§ Exercise description
Your answer must be an exact transcription of every entry.

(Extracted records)
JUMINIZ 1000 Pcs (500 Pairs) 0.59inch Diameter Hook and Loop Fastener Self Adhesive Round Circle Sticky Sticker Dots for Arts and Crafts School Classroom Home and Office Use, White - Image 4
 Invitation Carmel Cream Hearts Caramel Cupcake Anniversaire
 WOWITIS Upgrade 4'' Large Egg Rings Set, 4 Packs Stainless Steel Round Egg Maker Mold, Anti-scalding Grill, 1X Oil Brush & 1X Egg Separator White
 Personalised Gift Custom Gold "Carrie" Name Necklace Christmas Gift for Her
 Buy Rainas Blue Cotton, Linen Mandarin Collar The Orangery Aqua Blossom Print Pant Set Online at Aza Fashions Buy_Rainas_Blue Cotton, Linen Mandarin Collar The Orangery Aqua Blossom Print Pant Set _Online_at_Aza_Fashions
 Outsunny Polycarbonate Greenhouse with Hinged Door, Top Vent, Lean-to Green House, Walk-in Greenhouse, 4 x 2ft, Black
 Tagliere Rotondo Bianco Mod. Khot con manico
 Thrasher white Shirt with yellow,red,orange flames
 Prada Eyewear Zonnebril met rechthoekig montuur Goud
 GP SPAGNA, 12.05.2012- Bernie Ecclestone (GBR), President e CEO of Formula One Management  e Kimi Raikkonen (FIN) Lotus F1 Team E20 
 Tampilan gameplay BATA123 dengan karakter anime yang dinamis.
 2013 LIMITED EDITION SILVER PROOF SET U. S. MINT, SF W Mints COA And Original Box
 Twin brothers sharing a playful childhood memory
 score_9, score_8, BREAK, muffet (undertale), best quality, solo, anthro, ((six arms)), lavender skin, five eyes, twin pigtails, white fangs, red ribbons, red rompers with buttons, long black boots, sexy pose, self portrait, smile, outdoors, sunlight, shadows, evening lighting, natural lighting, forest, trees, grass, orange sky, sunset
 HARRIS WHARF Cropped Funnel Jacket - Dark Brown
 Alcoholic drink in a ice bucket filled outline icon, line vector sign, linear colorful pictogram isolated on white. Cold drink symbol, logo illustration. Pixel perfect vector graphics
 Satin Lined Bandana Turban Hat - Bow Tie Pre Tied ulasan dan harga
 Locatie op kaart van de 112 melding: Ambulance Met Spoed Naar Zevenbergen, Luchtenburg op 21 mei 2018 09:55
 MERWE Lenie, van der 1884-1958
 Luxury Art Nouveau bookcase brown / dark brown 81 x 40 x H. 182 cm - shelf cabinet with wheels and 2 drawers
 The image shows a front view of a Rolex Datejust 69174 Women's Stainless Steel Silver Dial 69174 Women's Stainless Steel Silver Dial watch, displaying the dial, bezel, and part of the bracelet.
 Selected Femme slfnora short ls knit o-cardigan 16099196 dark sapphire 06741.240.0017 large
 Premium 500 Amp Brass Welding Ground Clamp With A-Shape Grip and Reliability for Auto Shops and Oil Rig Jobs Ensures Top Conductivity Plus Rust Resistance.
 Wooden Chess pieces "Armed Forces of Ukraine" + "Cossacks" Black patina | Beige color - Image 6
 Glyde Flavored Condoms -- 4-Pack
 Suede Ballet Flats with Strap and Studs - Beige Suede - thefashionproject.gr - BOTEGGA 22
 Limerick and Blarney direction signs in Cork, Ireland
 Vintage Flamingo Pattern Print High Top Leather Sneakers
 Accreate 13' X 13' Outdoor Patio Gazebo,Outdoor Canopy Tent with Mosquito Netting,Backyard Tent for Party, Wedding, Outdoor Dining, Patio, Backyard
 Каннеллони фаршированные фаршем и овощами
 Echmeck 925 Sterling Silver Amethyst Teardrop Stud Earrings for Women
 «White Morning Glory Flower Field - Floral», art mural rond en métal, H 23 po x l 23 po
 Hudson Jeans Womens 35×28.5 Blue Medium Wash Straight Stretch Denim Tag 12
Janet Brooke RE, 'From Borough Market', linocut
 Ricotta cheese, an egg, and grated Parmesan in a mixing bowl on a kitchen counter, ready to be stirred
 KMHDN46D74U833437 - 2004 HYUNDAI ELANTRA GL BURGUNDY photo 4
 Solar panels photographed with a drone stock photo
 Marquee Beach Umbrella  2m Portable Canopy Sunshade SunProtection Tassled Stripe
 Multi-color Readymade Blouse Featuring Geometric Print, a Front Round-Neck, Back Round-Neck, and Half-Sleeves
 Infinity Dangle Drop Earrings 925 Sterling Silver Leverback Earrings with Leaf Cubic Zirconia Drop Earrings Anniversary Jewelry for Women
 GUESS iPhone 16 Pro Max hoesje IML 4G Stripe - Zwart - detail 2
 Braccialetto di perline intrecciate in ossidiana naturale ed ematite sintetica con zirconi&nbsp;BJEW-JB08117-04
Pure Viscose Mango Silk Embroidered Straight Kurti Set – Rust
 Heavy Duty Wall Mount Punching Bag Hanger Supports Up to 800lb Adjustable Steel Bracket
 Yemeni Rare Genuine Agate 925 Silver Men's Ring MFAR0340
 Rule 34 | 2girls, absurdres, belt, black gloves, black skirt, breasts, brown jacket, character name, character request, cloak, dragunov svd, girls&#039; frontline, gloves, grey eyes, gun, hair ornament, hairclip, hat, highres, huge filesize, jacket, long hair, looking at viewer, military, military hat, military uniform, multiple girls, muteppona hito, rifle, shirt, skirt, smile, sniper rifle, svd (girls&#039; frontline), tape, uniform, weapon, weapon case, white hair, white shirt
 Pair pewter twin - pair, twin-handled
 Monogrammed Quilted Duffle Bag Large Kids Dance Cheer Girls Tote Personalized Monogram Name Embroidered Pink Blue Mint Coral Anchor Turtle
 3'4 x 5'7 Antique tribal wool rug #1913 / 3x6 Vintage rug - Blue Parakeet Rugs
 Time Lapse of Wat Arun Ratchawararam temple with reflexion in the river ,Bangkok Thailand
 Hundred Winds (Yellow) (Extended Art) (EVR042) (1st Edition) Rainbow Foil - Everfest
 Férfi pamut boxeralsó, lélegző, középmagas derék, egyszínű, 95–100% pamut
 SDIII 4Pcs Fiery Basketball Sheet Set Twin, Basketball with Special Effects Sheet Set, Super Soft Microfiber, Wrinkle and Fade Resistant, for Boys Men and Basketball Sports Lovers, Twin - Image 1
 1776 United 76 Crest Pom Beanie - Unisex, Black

§ Output of the exercise
JUMINIZ 1000 Pcs (500 Pairs) 0.59inch Diameter Hook and Loop Fastener Self Adhesive Round Circle Sticky Sticker Dots for Arts and Crafts School Classroom Home and Office Use, White - Image 4
 Invitation Carmel Cream Hearts Caramel Cupcake Anniversaire
 WOWITIS Upgrade 4'' Large Egg Rings Set, 4 Packs Stainless Steel Round Egg Maker Mold, Anti-scalding Grill, 1X Oil Brush & 1X Egg Separator White
 Personalised Gift Custom Gold "Carrie" Name Necklace Christmas Gift for Her
 Buy Rainas Blue Cotton, Linen Mandarin Collar The Orangery Aqua Blossom Print Pant Set Online at Aza Fashions Buy_Rainas_Blue Cotton, Linen Mandarin Collar The Orangery Aqua Blossom Print Pant Set _Online_at_Aza_Fashions
 Outsunny Polycarbonate Greenhouse with Hinged Door, Top Vent, Lean-to Green House, Walk-in Greenhouse, 4 x 2ft, Black
 Tagliere Rotondo Bianco Mod. Khot con manico
 Thrasher white Shirt with yellow,red,orange flames
 Prada Eyewear Zonnebril met rechthoekig montuur Goud
 GP SPAGNA, 12.05.2012- Bernie Ecclestone (GBR), President e CEO of Formula One Management  e Kimi Raikkonen (FIN) Lotus F1 Team E20 
 Tampilan gameplay BATA123 dengan karakter anime yang dinamis.
 2013 LIMITED EDITION SILVER PROOF SET U. S. MINT, SF W Mints COA And Original Box
 Twin brothers sharing a playful childhood memory
 score_9, score_8, BREAK, muffet (undertale), best quality, solo, anthro, ((six arms)), lavender skin, five eyes, twin pigtails, white fangs, red ribbons, red rompers with buttons, long black boots, sexy pose, self portrait, smile, outdoors, sunlight, shadows, evening lighting, natural lighting, forest, trees, grass, orange sky, sunset
 HARRIS WHARF Cropped Funnel Jacket - Dark Brown
 Alcoholic drink in a ice bucket filled outline icon, line vector sign, linear colorful pictogram isolated on white. Cold drink symbol, logo illustration. Pixel perfect vector graphics
 Satin Lined Bandana Turban Hat - Bow Tie Pre Tied ulasan dan harga
 Locatie op kaart van de 112 melding: Ambulance Met Spoed Naar Zevenbergen, Luchtenburg op 21 mei 2018 09:55
 MERWE Lenie, van der 1884-1958
 Luxury Art Nouveau bookcase brown / dark brown 81 x 40 x H. 182 cm - shelf cabinet with wheels and 2 drawers
 The image shows a front view of a Rolex Datejust 69174 Women's Stainless Steel Silver Dial 69174 Women's Stainless Steel Silver Dial watch, displaying the dial, bezel, and part of the bracelet.
 Selected Femme slfnora short ls knit o-cardigan 16099196 dark sapphire 06741.240.0017 large
 Premium 500 Amp Brass Welding Ground Clamp With A-Shape Grip and Reliability for Auto Shops and Oil Rig Jobs Ensures Top Conductivity Plus Rust Resistance.
 Wooden Chess pieces "Armed Forces of Ukraine" + "Cossacks" Black patina | Beige color - Image 6
 Glyde Flavored Condoms -- 4-Pack
 Suede Ballet Flats with Strap and Studs - Beige Suede - thefashionproject.gr - BOTEGGA 22
 Limerick and Blarney direction signs in Cork, Ireland
 Vintage Flamingo Pattern Print High Top Leather Sneakers
 Accreate 13' X 13' Outdoor Patio Gazebo,Outdoor Canopy Tent with Mosquito Netting,Backyard Tent for Party, Wedding, Outdoor Dining, Patio, Backyard
 Каннеллони фаршированные фаршем и овощами
 Echmeck 925 Sterling Silver Amethyst Teardrop Stud Earrings for Women
 «White Morning Glory Flower Field - Floral», art mural rond en métal, H 23 po x l 23 po
 Hudson Jeans Womens 35×28.5 Blue Medium Wash Straight Stretch Denim Tag 12
Janet Brooke RE, 'From Borough Market', linocut
 Ricotta cheese, an egg, and grated Parmesan in a mixing bowl on a kitchen counter, ready to be stirred
 KMHDN46D74U833437 - 2004 HYUNDAI ELANTRA GL BURGUNDY photo 4
 Solar panels photographed with a drone stock photo
 Marquee Beach Umbrella  2m Portable Canopy Sunshade SunProtection Tassled Stripe
 Multi-color Readymade Blouse Featuring Geometric Print, a Front Round-Neck, Back Round-Neck, and Half-Sleeves
 Infinity Dangle Drop Earrings 925 Sterling Silver Leverback Earrings with Leaf Cubic Zirconia Drop Earrings Anniversary Jewelry for Women
 GUESS iPhone 16 Pro Max hoesje IML 4G Stripe - Zwart - detail 2
 Braccialetto di perline intrecciate in ossidiana naturale ed ematite sintetica con zirconi&nbsp;BJEW-JB08117-04
Pure Viscose Mango Silk Embroidered Straight Kurti Set – Rust
 Heavy Duty Wall Mount Punching Bag Hanger Supports Up to 800lb Adjustable Steel Bracket
 Yemeni Rare Genuine Agate 925 Silver Men's Ring MFAR0340
 Rule 34 | 2girls, absurdres, belt, black gloves, black skirt, breasts, brown jacket, character name, character request, cloak, dragunov svd, girls&#039; frontline, gloves, grey eyes, gun, hair ornament, hairclip, hat, highres, huge filesize, jacket, long hair, looking at viewer, military, military hat, military uniform, multiple girls, muteppona hito, rifle, shirt, skirt, smile, sniper rifle, svd (girls&#039; frontline), tape, uniform, weapon, weapon case, white hair, white shirt
 Pair pewter twin - pair, twin-handled
 Monogrammed Quilted Duffle Bag Large Kids Dance Cheer Girls Tote Personalized Monogram Name Embroidered Pink Blue Mint Coral Anchor Turtle
 3'4 x 5'7 Antique tribal wool rug #1913 / 3x6 Vintage rug - Blue Parakeet Rugs
 Time Lapse of Wat Arun Ratchawararam temple with reflexion in the river ,Bangkok Thailand
 Hundred Winds (Yellow) (Extended Art) (EVR042) (1st Edition) Rainbow Foil - Everfest
 Férfi pamut boxeralsó, lélegző, középmagas derék, egyszínű, 95–100% pamut
 SDIII 4Pcs Fiery Basketball Sheet Set Twin, Basketball with Special Effects Sheet Set, Super Soft Microfiber, Wrinkle and Fade Resistant, for Boys Men and Basketball Sports Lovers, Twin - Image 1
 1776 United 76 Crest Pom Beanie - Unisex, Black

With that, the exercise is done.